The coloration and the markings of adult males and females are characterized by a significant Sexual dimorphism. The young males are quite similar to the females but following their last moult, they show a completely different look. The typical adult males are small and mainly black, with red or green reflections on the abdomen. Also the legs are black, usually with a thin white stripe on the edge. The cephalothorax is glabrous, sometimes with two white spots behind the eyes. Head and the underside of the abdomen are surrounded by two large whitish circles. On the back of the abdomen there are also two white spots.

The basic coloration of the females is pale greenish-brown. The posterior lateral eyes are jointed by a clear stripe.
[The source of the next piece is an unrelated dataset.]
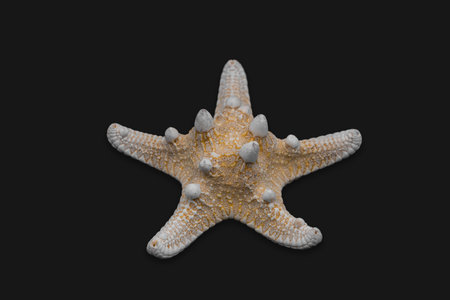 Isolated starfish on black background. Cut out light orange sea star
On the tip of the abdomen there are two bright spots, two comma-shaped drawings are on the middle back and two points behind the abdomen, sometimes merging in a large white circle surrounds the edge. The legs are completely yellow, while the pedipalps are definitely apple green, slightly darkening on the tips.

==Distribution and habitat==
This species is present in most of Europe east to Kazakhstan. They can mainly be encountered on low vegetation, in meadows and forest edges and on sunny rocks or walls of houses, where they actively pursue their prey.